Le soir du match de la Lazio (Elvire)
Je suis restée une heure environ dans la salle de bain. La buée sur les vitres et la moiteur sucrée pour m’empêcher de penser. Penser ces dérives et ces accotements qui parfois nous chavirent.
Je n’étais pas seule, dans la salle de bain. Tu étais là, et je devais encore vaciller contre toi. Tout comme la flamme de ces chandelles, vaciller, souffleter. Tu t’en souviens, bien sûr, nous étions partis pour quatre jours. Quatre jours à Rome comme une fuite. Je me rappelle les bruits de la rue et les cris, et puis, soudain, ce silence à la nuit tombée. Ils avaient tous posé leurs piaggios contre les murs de la venelle pour aller voir le match au café du coin. Un match de la Lazio. En rentrant, ce soir là, après cette douce journée de partage et de vertiges, tu avais écrasé ta canette de Coca au bas de l’hôtel. C’était le quatrième jour. Tu nous a fait couler un bain chaud. Nous nous sommes lovés dans l’eau brûlante. Nous avons dû rêver, sans doute …

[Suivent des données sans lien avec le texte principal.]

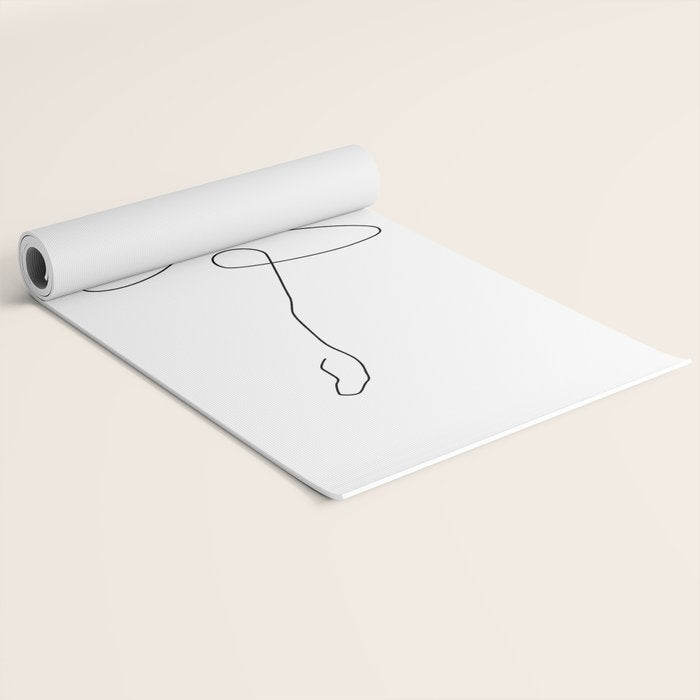 Abstract Ballerina Yoga Mat Gallery Image 2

Je ne sais pas ce qui s’est enfui alors. J’ai entendu les cris des supporters en bas, un but. J’ai retrouvé le geste de ta main pressant la canette vide. Je me suis vue, moi, les mains sales et le corps englué.
Plus rien à dire. Des mains noires de suie et aucun moyen d’effacer ça. Jamais.
Je suis restée environ une heure dans la salle de bain. Au bout de cette heure là, le soir du match de la Lazio, je ne t’aimais plus.